Splendida cinquantenne, 58 per la precisione, una vita che ha conosciuto più infatuazioni politiche (Dc, Partito popolare, Ulivo, Margherita, Pd) che amori fisici («La castità è una scelta che ho fatto con estrema serenità»), due volte ministro sulle poltrone notoriamente più scomode per un cattolico (Famiglia e Sanità), dura, ispida e intransigente, Rosy Bindi è riconosciuta da amici e nemici come l’essere più cocciuto, diretto e tagliente della politica italiana.

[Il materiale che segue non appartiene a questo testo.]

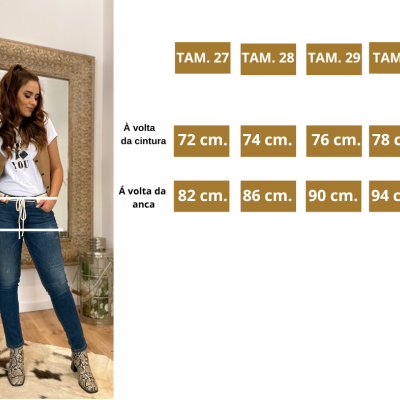 Tabela de tamanhos com medidas para cintura e anca ao lado de mulher vestindo saia jeans azul e botas padrão animal print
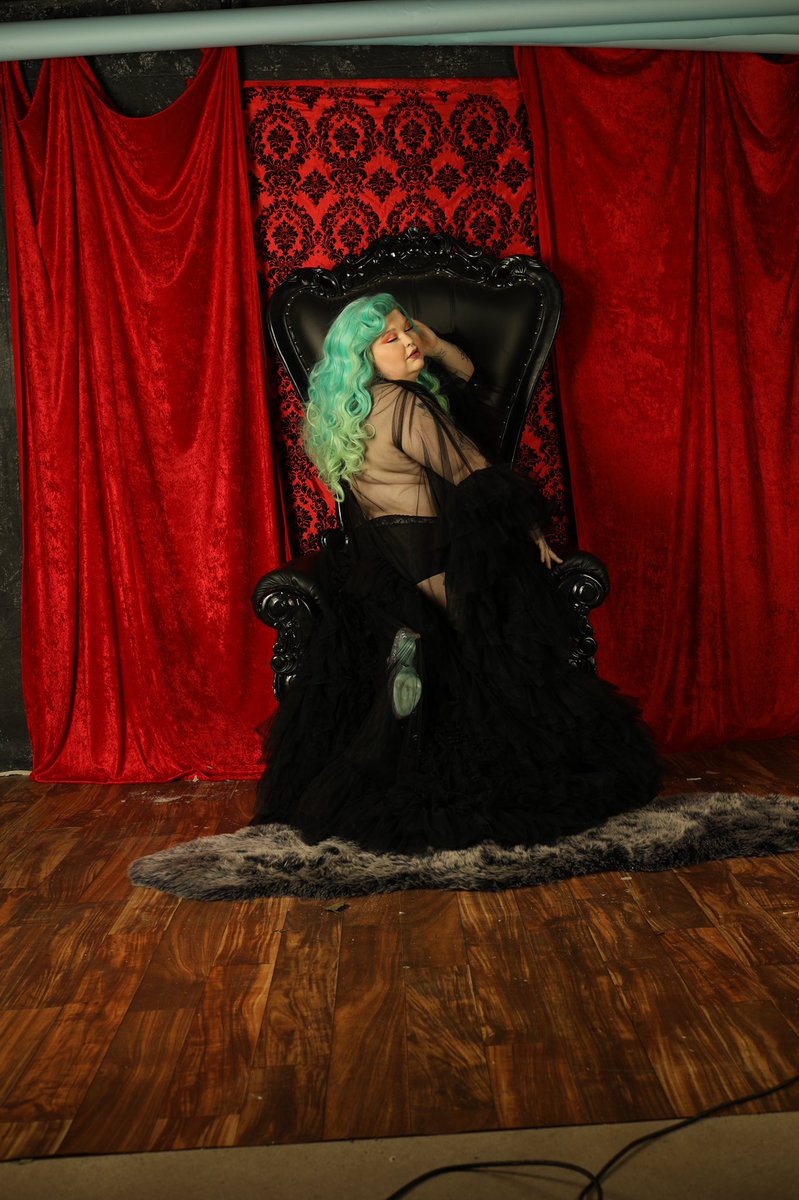 daniturnerr's tweet photo. 🕷Spooky Sexy🥰 https://t.co/8XB4Xcndbv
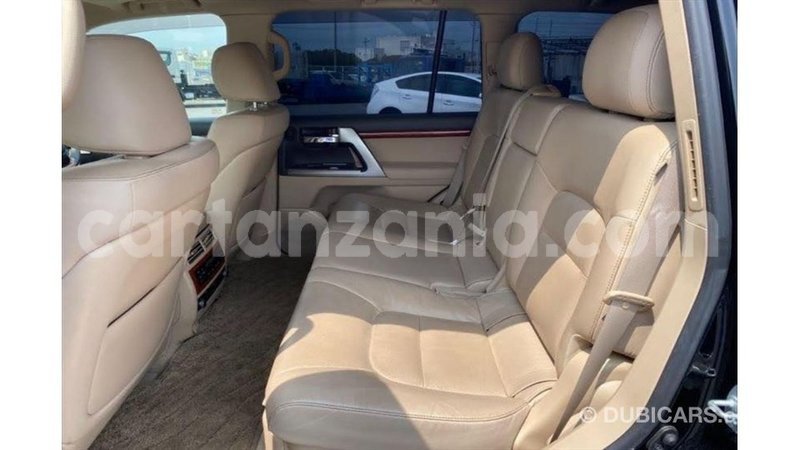 Big with watermark toyota land cruiser arusha import dubai 10236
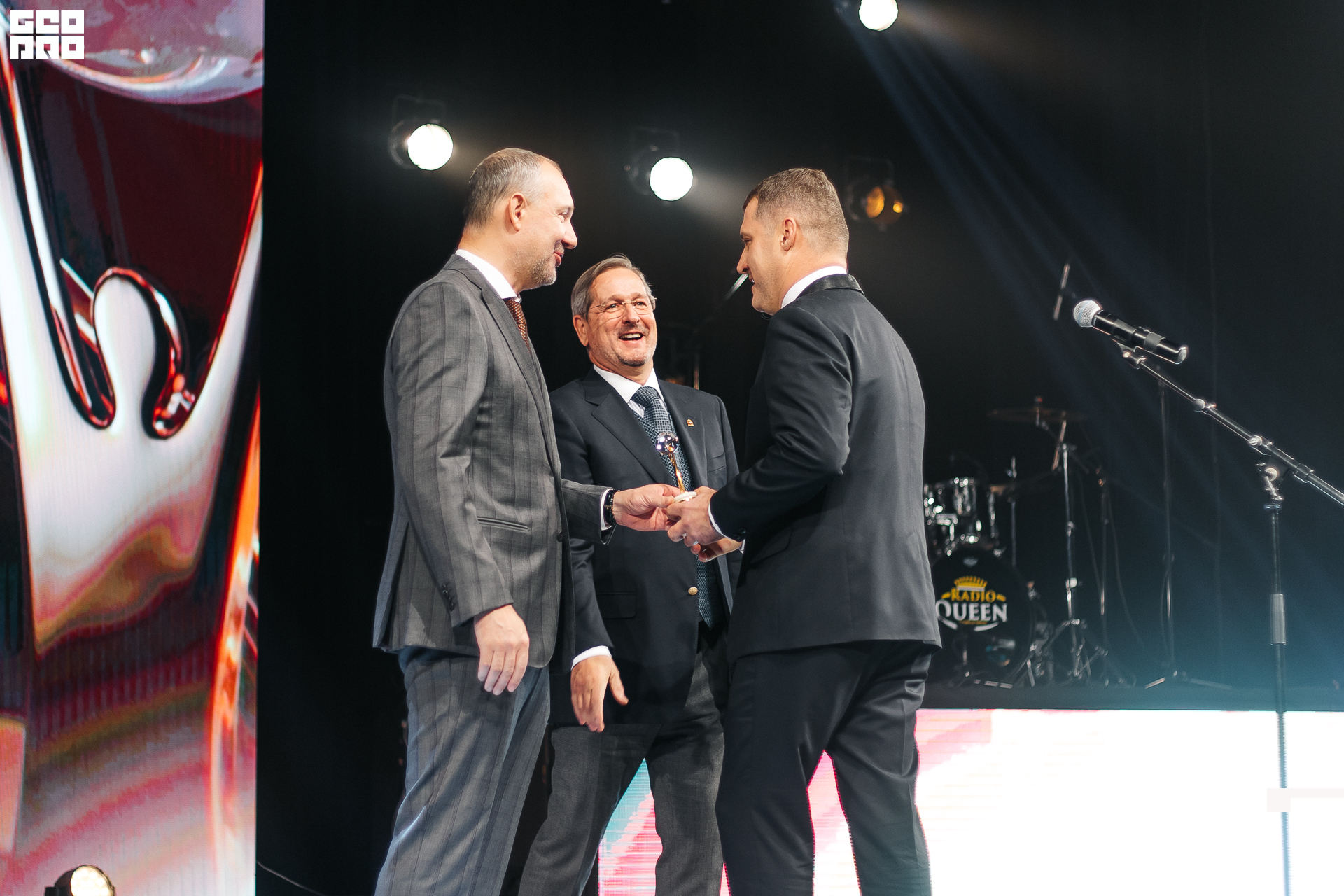 347_21-12-09 ISAEVA KASHIN SHVETS.jpg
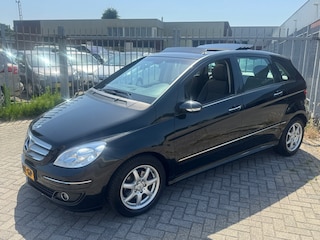 Mercedes-Benz B-klasse 200 AUTOMAAT! NL AUTO NAP! Pano l Leer l Navi l Trekhaak l PDC V+A! Topstaat!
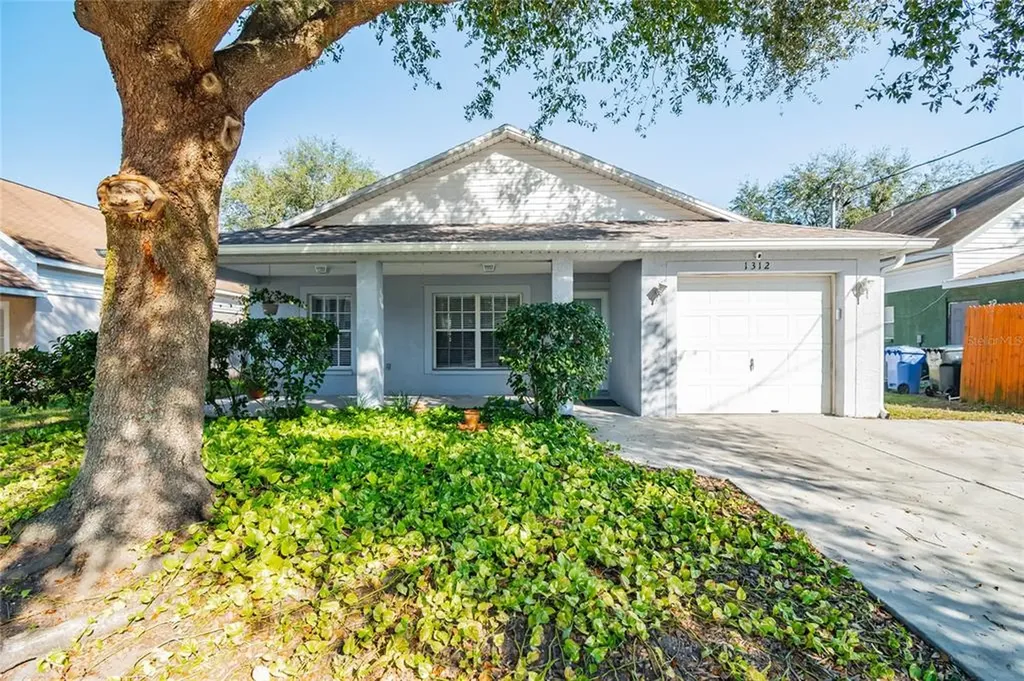 1312 Casa Bonita Avenue Ruskin FL 33570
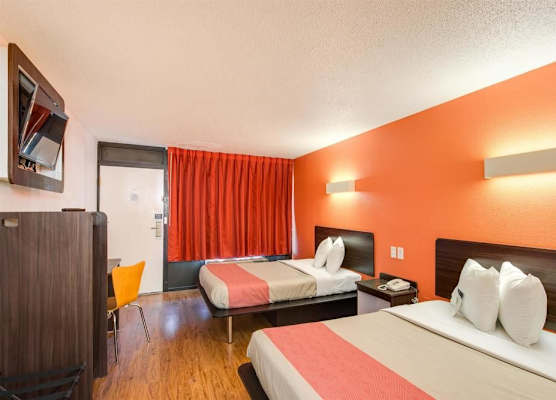 MOTEL 6 1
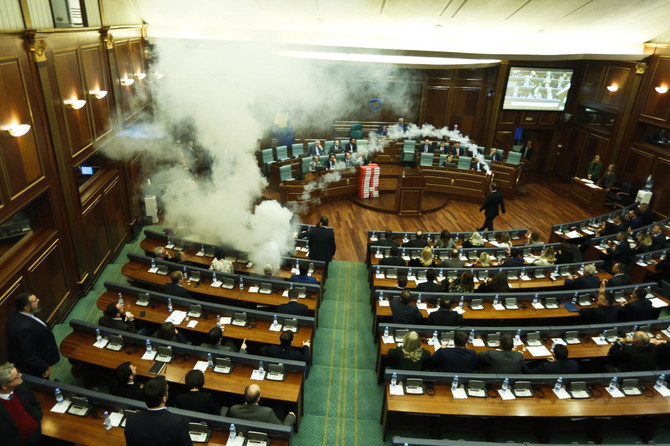 Kosovo parliament vote on border deal halted by tear gas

Morale squadrata con l’accetta come i suoi tailleur e lingua lunga in misura inversamente proporzionale ai capelli alla Sharone Stone, Rosy «la Candida» non le ha mai mandate a dire a nessuno, anche se oggi si offende per la battuta in diretta tv. Quando, dopo la fine della Dc, diventò segretaria del Partito popolare nel Veneto, anno 1994, durante un repulisti dei vecchi quadri del partito, fece fuori una dirigente che le chiedeva infuriata i motivi del licenziamento con un irripetibile: «Perché sei una p...a rotta». In una riunione dello stesso Partito popolare, invece, fu quasi strangolata da una collega, poco incline a sopportare il carattere litigioso della religiosissima ma aggressiva valchiria. Fu salvata, riferiscono le cronache, da Rocco Buttiglione. Anche i filosofi hanno un’anima.
E anche le nubili hanno le loro debolezze. Non ha mai imparato a truccarsi, ma non trova la cosa una lacuna. In borsetta porta sempre il rosario ma mai il rossetto. Detesta mettersi in posa nelle foto ufficiali ma si tiene da anni rigorosamente a dieta. Mai passata neppure una volta da Capalbio alle cui spiagge engagé ha sempre preferito cattolicamente le Dolomiti di Borca. Portata a mettere in pratica le encicliche invece che citarle. E ad arrabbiarsi invece che sopportare cristianamente. Devota e ubbidiente ma pronta - la chiamano Giovanna d’Arco - ad alzare la testa contro i privilegi dei «baroni» nella sanità e contro la dottrina dei vescovi sui Dico e la pillola abortiva. Con molto coraggio nel primo caso, con qualche contraddizione nel secondo.
Testa alta e scarpe basse, la prima volta che abbiamo visto Rosy Bindi in tv in una trasmissione importante, con una camicia di seta color albicocca e i capelli sale-pepe freschi di parrucchiere, appariva la ministra più schiva e serafica del primo governo Prodi. Ultimamente, pur continuando a vestirsi male per civetteria, ci sembra l’oppositrice più accesa e irritata del quarto governo Berlusconi.

Ci ingannava quell’aria da mite catechista, si è rivelata una temibile pasdaran. Tanto fiera - ne siamo sicuri - da saper superare anche la battuta infelice dell’altro ieri. A rimediare la quale - temiamo però - questa volta non basterà un mazzo di Rosy.